Um danado o barbeiro Parcela. Sem formação acadêmica, aprendeu por si próprio tudo aquilo com que impressionava aquele povo. Tinha, porém, um defeito: o da absurda intolerância aos broncos. Esfregava a estupidez na cara dos estúpidos sem dó nem piedade.
– Para que diabo estudar trigonometria? O que vou fazer com isso? – perguntou Zezinho, dono da nota vermelha que então revia no boletim escolar enquanto aguardava o corte de cabelo num sábado de fila grande. “Vai deixar de ser burro”, respondeu Parcela para o riso da freguesia. E, de pronto, defendeu o aprendizado da matéria com a pergunta ao jovem cliente: “Se a questão for sobre a altura da torre da Igreja você vai pedir ao professor andaime e trena?”.

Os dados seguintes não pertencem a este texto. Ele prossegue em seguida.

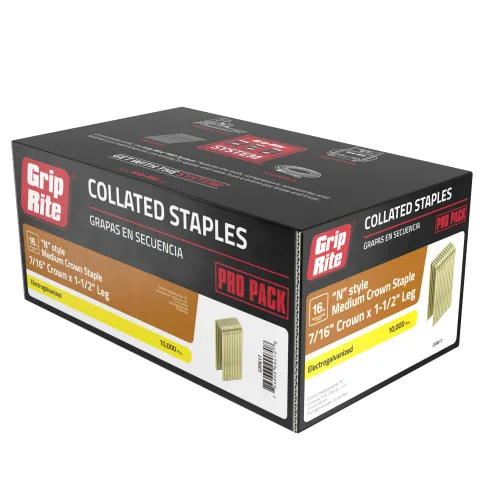 Vista 2 de Grip-Rite Grapas medianas de calibre 16 – electrogalvanizadas – grapas estilo N para cercado de madera, techos, construcción general – 7/16 pulgadas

Ele sempre recorria a problemas diários, a situações corriqueiras, para explicação de tudo. E, nessas ocasiões, atento à reação da plateia, beirava o orgasmo. Como gostava de se exibir… Pediu, então, ao rapazote:
“Tome essa torre como lado de um triângulo. O segundo lado será o comprimento da sombra dela no chão. Verifique o ângulo de inclinação do sol. Se ele nascer às 5 da manhã, estará a 45 graus por volta das 8 e meia. Faça a coisa nesse horário. Você terá um triângulo retângulo e os valores para o cálculo trigonométrico. Você vai querer a tangente, ou seja, a razão entre o lado oposto ao ângulo de 45 graus, que é a nossa torre, e o lado adjacente a este mesmo ângulo, o da sombra cujo comprimento você já terá medido. Tangente de 45 vale 1. Pronto, estará resolvido o problema”. Juro como houve aplausos.
Olival, um terraplanista juramentado, cortou relações com Parcela, por quem também foi chamado de burro. Quantas inimizades nosso barbeiro não faria nos dias de hoje? “Sabe quem foi Eratóstenes?”, perguntou ele a um Olival que, até então, nunca havia ligado o nome à pessoa.
E lá veio a explicação. Eratóstenes, nascido no ano de 276 antes de Cristo, mediu a circunferência da terra com margem espantosa de acerto. Esse camarada fez o seguinte: enfiou uma estaca, verticalmente, em Cirene, sua cidade, em 21 de junho, Solstício de Verão no Hemisfério Norte, com o sol a pino, mas sem produzir sombras. O mesmo não ocorria, porém, a 800 quilômetros, em Alexandria, na mesma ocasião e com estaca semelhante em verticalidade e tamanho. Ali, em relação à primeira, a segunda estaca tinha uma inclinação de sete graus. Eratóstenes intuiu que a Terra era redonda e calculou a profundidade em que ambas as estacas se tocariam ao cabo de duas retas até o centro do planeta. Eureka! Obteve o raio terrestre, valor imprescindível ao cálculo da circunferência planetária.
A encrenca começou quando Olival, duvidando dessa história, perguntou por qual telefone Eratóstenes informou-se da inclinação da estaca enfiada, concomitantemente, nos solos de Cirene e Alexandria. “Pelo da tua mãe”, foi a resposta curta e grossa. Parcela, quando contrariado, sempre botava a mãe dos outros no meio da conversa. No caso em pauta, perdeu o amigo e o bigode longo, belo, encorpado, por este doravante entregue aos cuidados de Manoelzinho, o barbeiro concorrente.
A cada eclipse eu me lembro de Parcela. Era um dos seus temas preferidos. Caso ainda vivesse, a ele eu não contaria que, decepcionado, nada vi além de um Sol ofuscante na tarde do sábado. Posso ser burro, mas não sou doido.
Eu quase me esquecia. Eratóstenes deu à circunferência terrestre o valor de 40 mil quilômetros. A ciência moderna corrige isso para 40.075. Errinho insignificante, não é não?